Tuesday, June 21, 2005

On Step Mothers

I met my first step-mother when I was six. My first vision of my brother, only a year old, was from the kitchen entry way, walking towards me with his thumb crammed through a hole in his cheesecloth blanket, sucking his thumb, a vision frozen in time.

I called her Lorrie for a short time, until my father made me call her mom. I didn't have a real problem with it, I just thought it was a title that should only belong to my real mother. Lorrie was the prototype of her mantle, bitter, jealous, and angry at a little boy whose innocence she would steal, all because his father wasn't her first. The most galling is the hypocrisy. She knew me before I knew her, a tenant of the same apartment complex where my father and mother split. Perhaps mom left dad for the affair, I don't know. I suppose I could ask dad, but how does it really matter?

Lorrie once told me, after having received yet but another bad progress report on my behavior at school, that it had been a tremendous effort on her part to love me, but she finally managed it. But did she? I think so, in her own way, but those demons come out under stress. Like the time I didn't clean the dog droppings in the basement. She asked me calmly why I hadn't cleaned it yet, and I looked at her speechless, saying, "I don't knowwwwwwww." But I did know what was coming, or at least I thought I did.

Never in my life have I taken such a shot. She was a lean woman, with surprisingly large biceps that popped like volcanoes. Her anger was quick and physical. Almost daily my pants were at my ankles as she welted me with a plastic spoon or leather belt. Today was special. She flew at me and I was forced to stare her down, for fear of provoking her further. She caught me with a balled fist in the sweet spot of my belly, the solar plexus, and my air left me and was excrutiatingly difficult to recover. The details are fuzzy now, but I took a beating and was sent to her room. I crawled into bed and sobbed for some time, wondering what I had done that was so bad. She called me out later and apologized, and even let me sit in her lap, an honor reserved for her real son.

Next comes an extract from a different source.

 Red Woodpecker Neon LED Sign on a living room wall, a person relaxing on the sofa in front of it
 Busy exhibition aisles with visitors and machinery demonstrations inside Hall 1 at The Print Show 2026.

It wasn't the only time she hit me, but it was never as bad as that. She never punched me again. I have a five year old son now, whom I have never struck. I can't understand, even though he can try my patience, how someone could be reduced to hitting such an innocent little creature. But he is my son isn't he, not someone else's. It makes no difference to me, but the distinction did to her.

The next one was Cynthia, but she wasn't nearly so mean or jealous, if she was jealous at all. Like her predecessor, she also insisted on being called mom, which I did so grudgingly. She was embarrassed that she had to explain it to her friends, and reasoned that if I didn't call her mom, she wouldn't call me her son.

She hit me I think only once. I was openly defiant and probably had it coming. She threatened to hit me with the belt and I said bring it on. Like a lioness she sprang at me and I didn't budge. Her belt whipped me across the face and I laughed, inciting her further to do the same over and over again, screaming obscenities. Then she ran to her room crying. I sat down and watched TV.

She lasted for a short time. Then along came Polly.

Eleven years younger than dad, and eleven years older than me. More like a big sister, the one you can't stand. She openly competed with me for everything, asserting her position and belittling mine. She mocked me for my weakness and relegated me to obscurity, all to elevate her fragile ego.

We lived in a trailer park in the beautiful Mendenhall Valley of Juneau, Alaska. I never even knew how miserable my existence was, so wonderfully surrounded as I was.

She and dad would fight every day, without fail. These fights were just short of real violence, sometimes crossing over. Once my bedroom door burst open and Polly was hurled into a heap by my bedside. A trail of snot meandered from her right nostril and curled over her upper lip. I told her not to go back out there, but she did.

I knew they wouldn't last long, the genius that I was. I should have known the day they were married. Polly's brother was the minister, a title he had earned from a mail order service, on his ranch in eastern Washington. He made her promise to do what she was told at all times, to much laughter, then asked dad if he would take Polly to be his lawfully wedded wife. Dad didn't reply at first, and actually thought about it, probably for the first time in his entire life. But he said, "I do," like it was forcibly ripped from his chest. That night they had a fight, and everybody was drunk and thought it was real funny.

Polly found my phone number and left a message around eight months ago. She doesn't know that I am married and have two kids. Guilt is a heartless beast, that doesn't reason what is right and wrong. Still, I deleted the message and didn't save her number.

If you ever read this Polly, in my own way, I still love you.

2 comments:

Anonymous said...

If this is true ... wow ... I had no idea. Very interesting life experiences, its no wonder you are who you are.

Scott said...

Thanks for stopping by Mrs. T. I am glad to hear of your affection of your son; he is better off with someone that loves him than some drug addict. Loved the bio monster moniker!